Exercise brief: Exactly the lines from the one with "Melissa Benoist in Supergirl (2015)" through the end of the data below must be set down, and no pictures with them.

Data extracts:
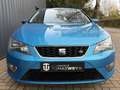 SEAT Leon SC 1.4 TSI FR NAVIGATIE!/ONDERHOUDEN!/CRUISE!/APK! Bleu - thumbnail 5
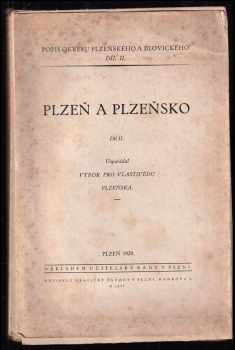 Plzeň a Plzeňsko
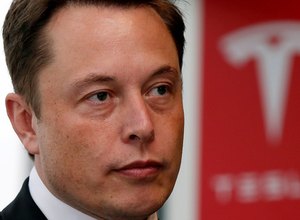 Fortuna do fundador da Tesla cresce US$ 15 bilhões em 1 dia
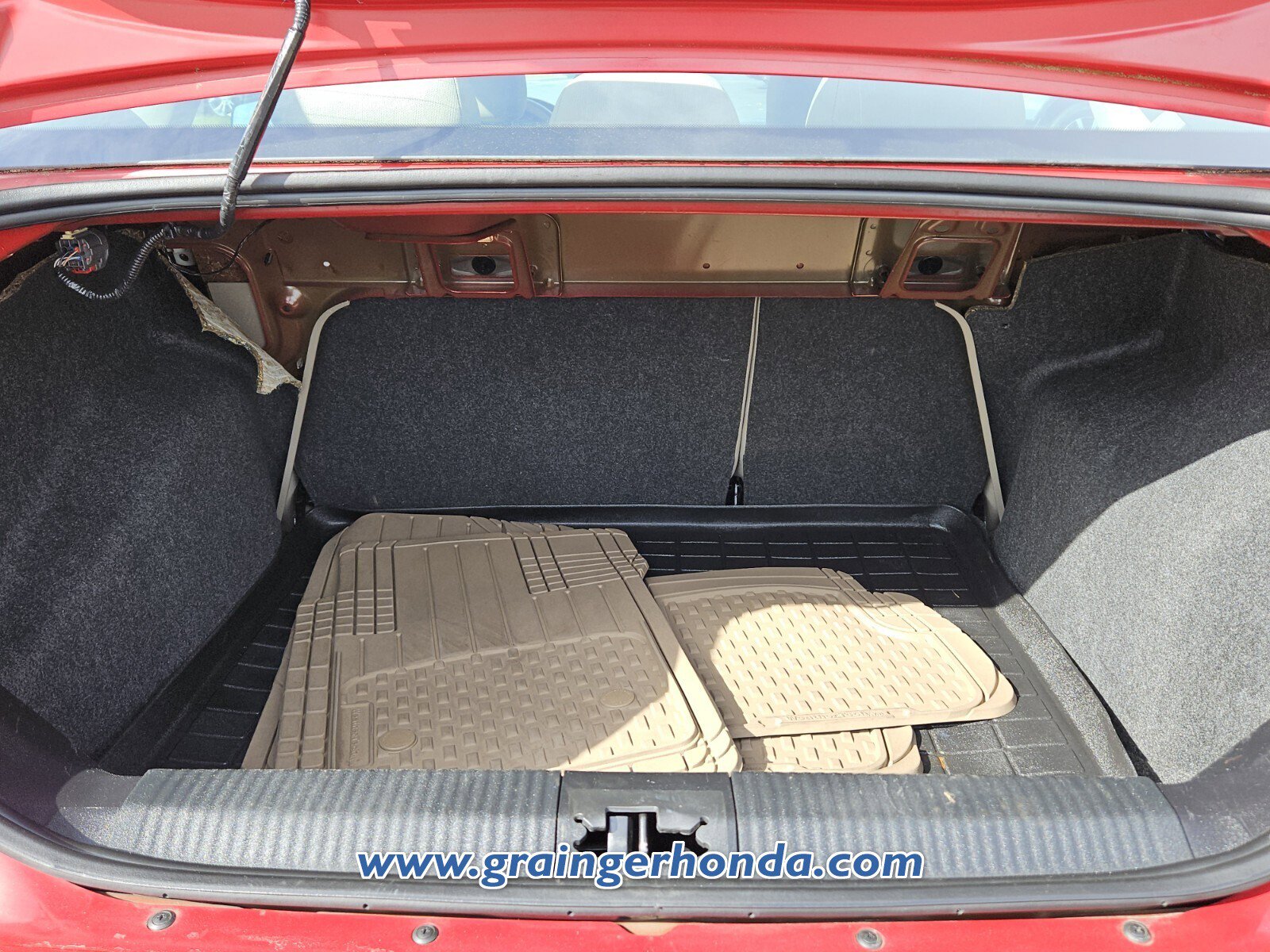 Used 2010 Ford Focus S image 13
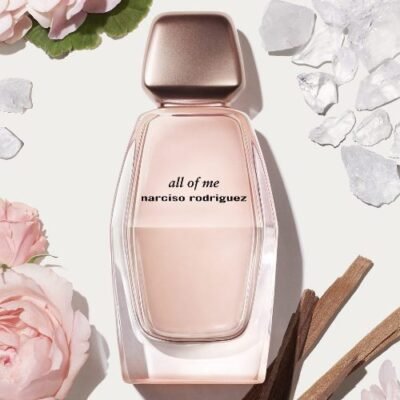 ALL OF ME NARCISO RODRIGUEZ EAU DE PARFUM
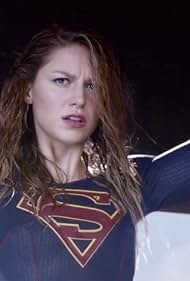 Melissa Benoist in Supergirl (2015)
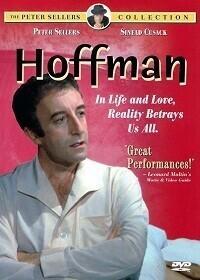 Хоффман / Hoffman (1970) смотреть онлайн бесплатно в отличном качестве
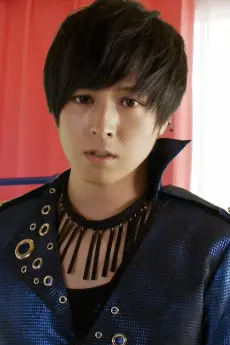 Shouta Aoi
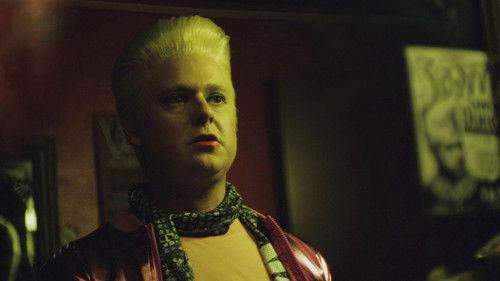 Tim and Eric's Bedtime Stories Season 2 Episode 3 - Angel Man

Solution for this problem:
 Melissa Benoist in Supergirl (2015)
 Хоффман / Hoffman (1970) смотреть онлайн бесплатно в отличном качестве
 Shouta Aoi
 Tim and Eric's Bedtime Stories Season 2 Episode 3 - Angel Man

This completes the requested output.